# hazelnut bushes



## Luterra (Sep 7, 2011)

Hazelnut is our first major pollen source here in western Oregon, in bloom right now. The wind-pollinated catkins have no nectar. If the weather cooperates the bees will be all over them. Yesterday all five of my hives were bee-lining to four big flowering hazelnuts 1/3 mile away and returning with baskets full of lemon-yellow pollen. The trees themselves were abuzz with bees, almost like a basswood in bloom.


----------



## beebze (Sep 24, 2007)

I've heard it's a poor source of pollen, but it is pollen all the same and will stimulate your hives. I hope you don't plant bushes, all the ones I bought were trees. The Catkins are not actually the flowers. The flowers themselves are very very small when looking at the tree you have to know what to look for. This year most of the bees went south before they could take advantage of the trees on the surrounding properties. Just my 2 cents worth.


----------



## Luterra (Sep 7, 2011)

The catkins are the male flowers and the sole source of pollen for the bees. The female flowers are tiny and to my knowledge have nothing of bee-value. 
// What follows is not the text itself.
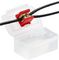 BRAVO 1-6 - 36A Clear Gel Box Line Connection Box with Connector - 1 Core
Wind-pollinated plants tend to produce low-nutrient pollen, but when it's all that is available the bees will collect it with a vengeance.


----------



## toms1arrow (May 7, 2010)

I read the flower is very small and I knew the catskin was the pollinator by wind for the flower but wasn't sure if there was enough pollin for the bees to utilize. I am planting for the deer, cover and food and was hoping a benifit for my bees. Thank you all.


----------



## psfred (Jul 16, 2011)

Hazelnuts are wind pollinated, so they make quite a bit of pollen. Probably not nutritionally complete, but there will be other pollen available soon. Hazelnuts pollinate very early as a rule, along with things like birch and pussywillow, and the bees will collect all they can.

The male flowers are in a catkin, the female are at the tip of a twig, I think, and hard to see. Since they are wind pollinated, there will be no nectar.

Peter


----------